«В толпе, снующей по Эрмитажу, значительная часть — посетители первого раза. Что дает им такой пробег, даже возглавляемый экскурсоводом? Ничего не дает. Знакомство с мировым искусством требует хотя бы немногих, но предварительных знаний. Ведь не только служенье муз, но и общение с музами не терпит суеты» (В. Богуславская, Ленинград).
«Меня обидело и огорчило, что нужно ограничить количество экскурсантов.
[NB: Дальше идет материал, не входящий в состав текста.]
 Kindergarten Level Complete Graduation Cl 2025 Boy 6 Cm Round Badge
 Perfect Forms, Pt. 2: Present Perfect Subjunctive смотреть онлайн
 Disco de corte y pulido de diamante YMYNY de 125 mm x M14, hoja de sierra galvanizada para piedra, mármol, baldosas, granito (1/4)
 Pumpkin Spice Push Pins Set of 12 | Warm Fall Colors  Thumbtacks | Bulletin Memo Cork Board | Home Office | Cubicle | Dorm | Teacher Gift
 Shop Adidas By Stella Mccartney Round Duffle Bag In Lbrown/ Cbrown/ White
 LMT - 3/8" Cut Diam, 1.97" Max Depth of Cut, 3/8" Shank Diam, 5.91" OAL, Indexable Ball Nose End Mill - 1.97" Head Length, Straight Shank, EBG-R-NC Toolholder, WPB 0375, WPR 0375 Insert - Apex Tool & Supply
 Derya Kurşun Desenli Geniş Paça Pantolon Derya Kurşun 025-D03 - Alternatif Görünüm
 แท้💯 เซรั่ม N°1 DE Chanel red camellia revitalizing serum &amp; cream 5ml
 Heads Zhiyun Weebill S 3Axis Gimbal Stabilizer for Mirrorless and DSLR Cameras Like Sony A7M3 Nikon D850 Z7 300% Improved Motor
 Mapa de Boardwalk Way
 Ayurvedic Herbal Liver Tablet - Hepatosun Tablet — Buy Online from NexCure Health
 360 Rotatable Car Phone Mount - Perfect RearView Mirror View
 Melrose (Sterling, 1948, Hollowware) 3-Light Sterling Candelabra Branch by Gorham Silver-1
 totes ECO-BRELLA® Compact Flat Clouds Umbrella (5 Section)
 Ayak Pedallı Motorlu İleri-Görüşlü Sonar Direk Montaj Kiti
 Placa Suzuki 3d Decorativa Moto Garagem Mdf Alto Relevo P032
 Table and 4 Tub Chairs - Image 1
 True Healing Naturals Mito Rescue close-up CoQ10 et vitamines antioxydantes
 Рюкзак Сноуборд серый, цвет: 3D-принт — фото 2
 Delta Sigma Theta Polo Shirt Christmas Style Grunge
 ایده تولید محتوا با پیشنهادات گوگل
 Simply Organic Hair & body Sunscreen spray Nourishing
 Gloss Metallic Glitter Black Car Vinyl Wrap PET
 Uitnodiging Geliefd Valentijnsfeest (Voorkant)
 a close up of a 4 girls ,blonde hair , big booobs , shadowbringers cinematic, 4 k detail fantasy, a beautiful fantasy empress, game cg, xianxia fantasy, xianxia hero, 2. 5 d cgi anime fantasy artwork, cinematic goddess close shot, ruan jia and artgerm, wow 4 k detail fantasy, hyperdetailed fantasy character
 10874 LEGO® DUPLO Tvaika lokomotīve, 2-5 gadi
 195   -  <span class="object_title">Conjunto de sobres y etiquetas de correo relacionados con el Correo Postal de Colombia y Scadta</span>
Да ведь это одно из самых больших наших завоеваний — это именно то, что с каждым годом все растет число посетителей Эрмитажа» (В. Камкина, Ленинград).
Ища выход из почти что безвыходного положения, авторы писем предлагают множество мер, полумер и четверть мер: мощное проветривание помещений, раздробление Эрмитажа на несколько самостоятельных музеев, увеличение количества музеев в таких городах, как Москва и Ленинград, увеличение платы за вход, введение тряпичных тапочек для посетителей Эрмитажа…
Чтение писем неизбежно наводит на собственные воспоминания, связанные с музеями, и на собственные соображения. Вспоминаю, в первую очередь, блестящую и полную тревоги статью Татьяны Глушковой о Пушкинском заповеднике, прочитанную мной несколько лет назад. Триста тысяч экскурсантов за четыре летних месяца. Восемьдесят экскурсий в одно воскресенье, проходящих через небольшой деревянный дом. Объявление: «Купаться перед домом поэта запрещено!» Афористичные выражения Т. Глушковой: «Пушкинский заповедник работает на износ», «Случайный посетитель — это главный враг Пушкинского заповедника», «Тропа (“к нему не зарастет народная тропа”. — В. С.) превращается в проезжую дорогу». И вывод горький и неожиданный: «Есть три (равно успешных) средства убить живую память: умолчание, небрежение и поминание всуе».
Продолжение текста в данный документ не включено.